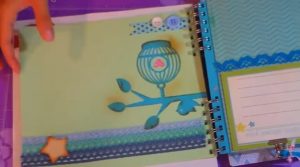  álbum de fotos para bebé 2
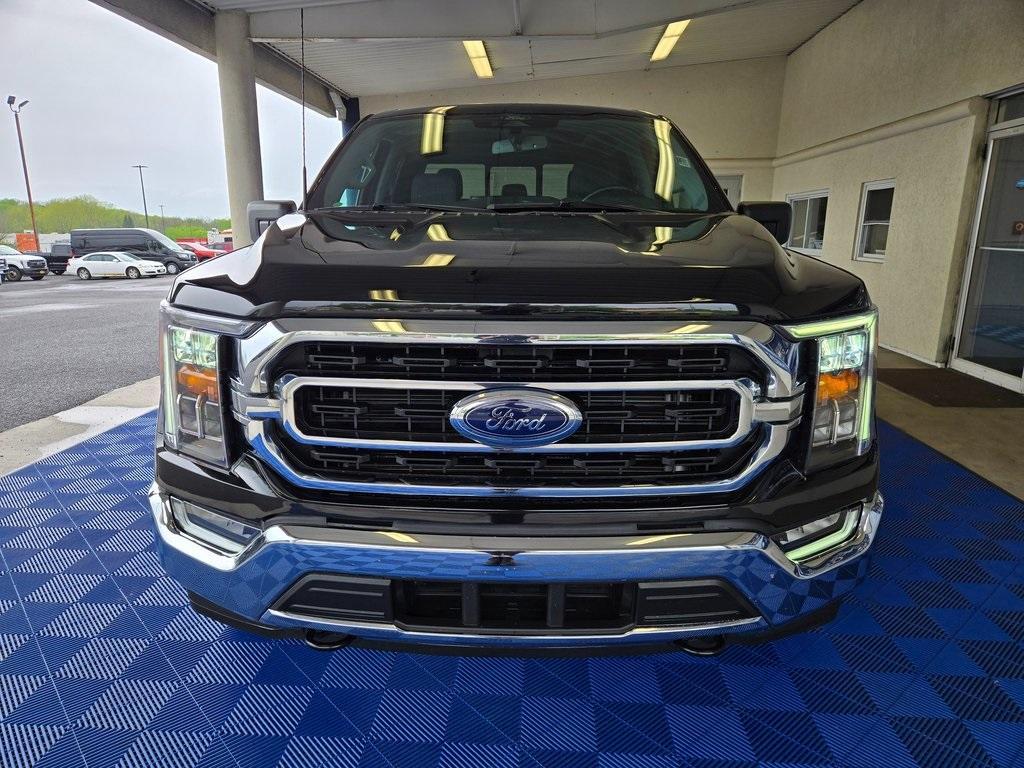 used 2022 Ford F-150 car, priced at $45,000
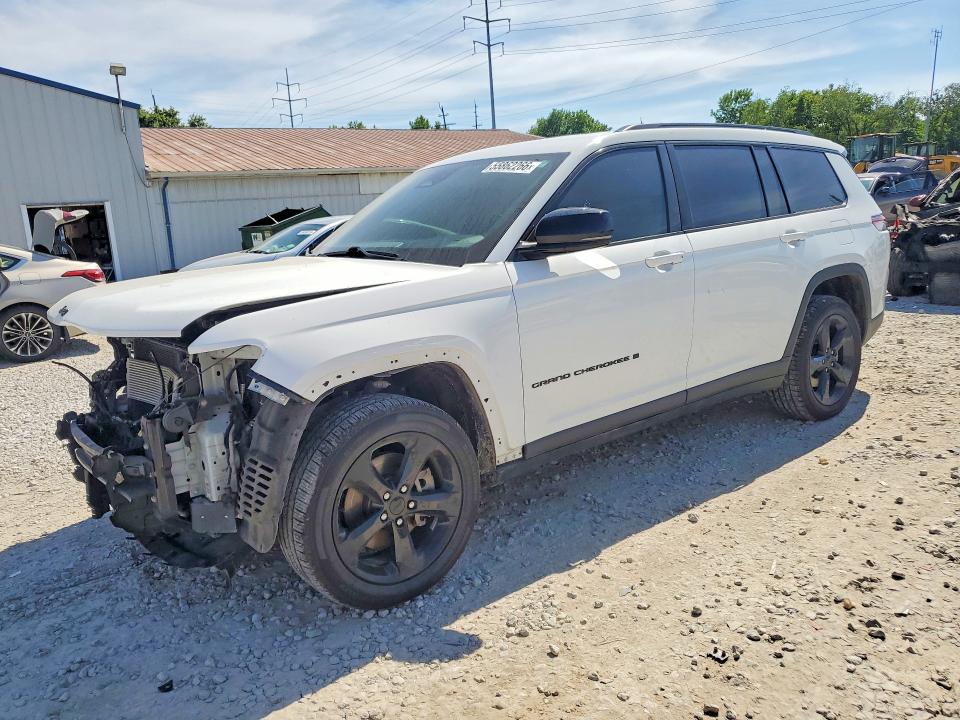 Aukcja sprzedaży 2021 Jeep Grand Cherokee, vin: 1C4RJKAG2M8188720, numer aukcji: 55862266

- The problem: Word for word, restate the whole listing and drop the images.

- Worked solution:
  álbum de fotos para bebé 2
 used 2022 Ford F-150 car, priced at $45,000
 Aukcja sprzedaży 2021 Jeep Grand Cherokee, vin: 1C4RJKAG2M8188720, numer aukcji: 55862266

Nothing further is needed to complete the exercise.